As an unconventional natural gas, shale gas is becoming a force that affects the world energy market. This kind of gas, which the international energy community calls “game changers”, has greatly rewritten the world’s energy landscape. At present, the United States has successfully carried out industrial shale gas mining in the country, and gradually formed a set of advanced shale gas exploration and development technologies. This achievement, called as a “shale gas revolution”, not only greatly changed the supply of natural gas in North America, but also set off a booming of developing shale gas worldwide [2, 3]. Figure 1 is the historical output and predicted value of national natural gas given by the US Energy Information Administration in 2020 [4]. In the AEO2020 reference case, natural gas production from shale gas and tight oil extraction continues to grow, accounting for the total US natural gas production. Both proportion and absolute volume are increasing. The reason for the increase is the scale of related resources (nearly 500,000 square miles) and technological advances that allow these resources to be developed at a lower cost. In the “high oil and gas supply” case with more optimistic assumptions about resource scale and recovery, the cumulative production of shale gas and tight oil is 14% higher than the reference case.

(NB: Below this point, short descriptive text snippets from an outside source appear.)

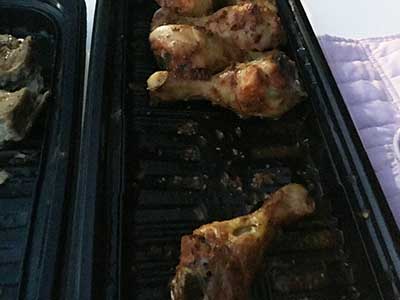 chicken
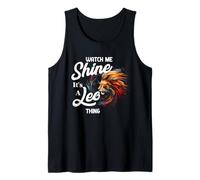 Watch Me Shine It's A Leo Thing Canotta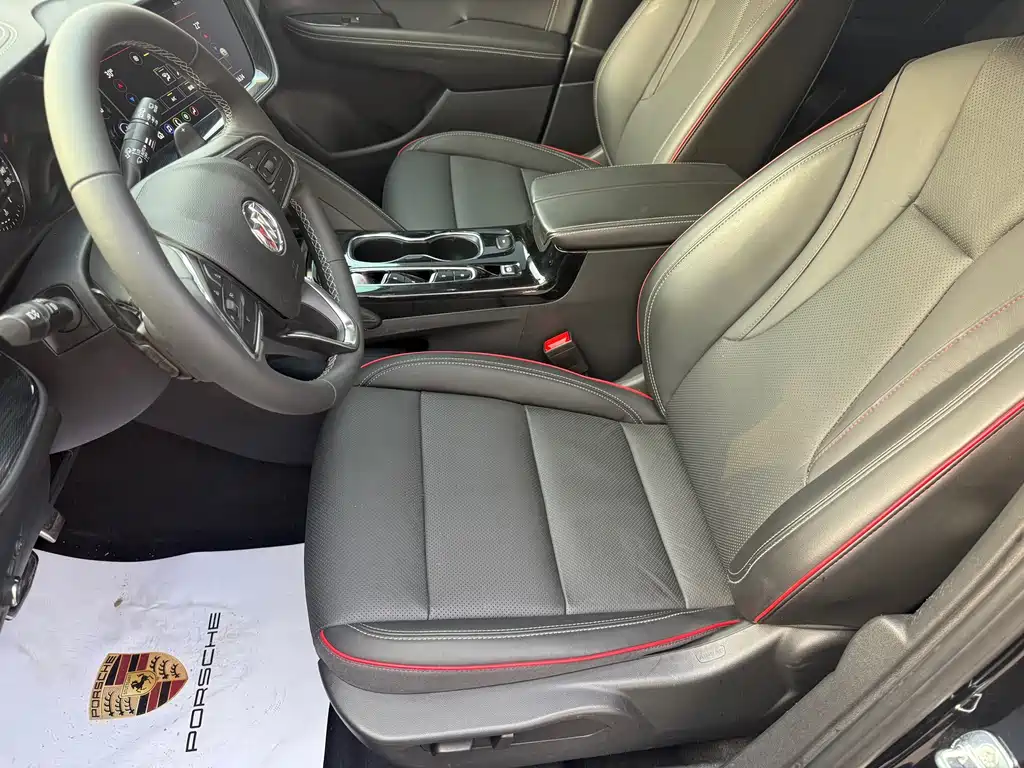 Buick Envision S — миниатюра 10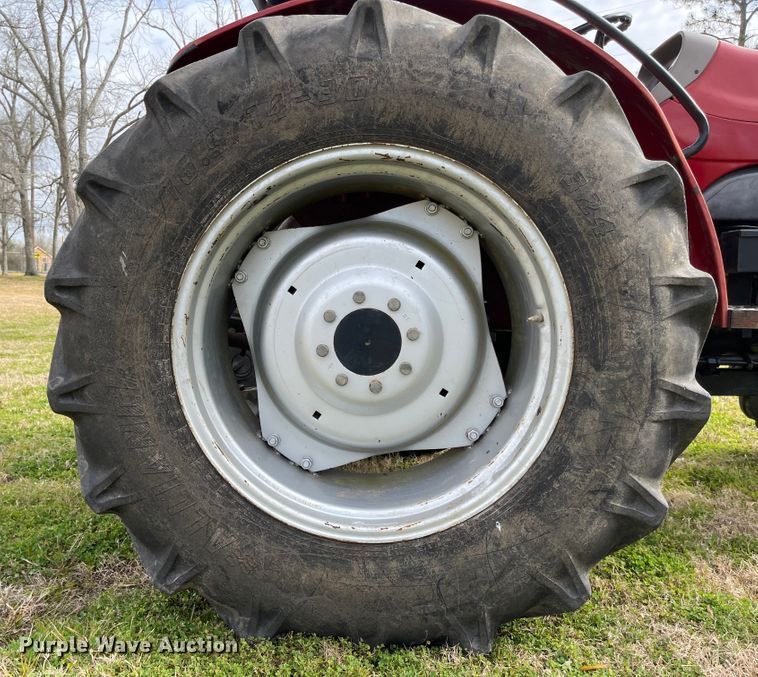 image for item IJ9723 2014 Case IH Farmall 75A  MFWD tractor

On the contrary, in the case of “oil and gas shortage”, the cumulative output of these resources is 20% lower than the output in the reference case.

In recent years, major breakthroughs have been made in the exploration of shale gas reservoirs in China, with resources exceeding 45 trillion cubic meters and preliminary estimates of recoverable reserves of approximately 31 trillion cubic meters. However, due to China’s current rapid economic development and rapid increase in demand for energy, it is expected that by 2030, China's natural gas gap will exceed 130 billion cubic meters [5]. Therefore, there is an urgent need to realize the effective development of shale gas reservoirs, promote the rapid development of the natural gas industry, and meet the national energy demand.

Fig. 1.
figure 1

US natural gas production and forecast.

However, due to the Nano scale pores in the shale reservoir, the extremely low permeability of the reservoir matrix, and the complex gas occurrence and migration mechanism, it is an unconventional gas reservoir. The fracture network is complicated after hydraulic fracturing, and accurate numerical simulation is difficult. Shale reservoirs include rock matrix, organic matrix with kerogen, natural fractures, and artificial hydraulic fractures. The scale of various media is different, the scale of pore diameter ranges from nanometers to micrometers, and the scale of fracture aperture ranges from micrometers to millimeters. The involved mechanisms are very complex, including: desorption/adsorption, diffusion, slippage, Darcy flow and non-Darcy flow, matrix pores will deform and shrink with pressure changes, and fractures will deform and be closed; There are coupling of medium, coupling of fluid pattern, coupling of different scale, coupling of fluid migration and stress, and the mechanism of migration of different media at different times and times changes, as shown in Fig. 2.

Fig. 2.
figure 2

Schematic diagram of complex coupled migration of shale gas reservoirs.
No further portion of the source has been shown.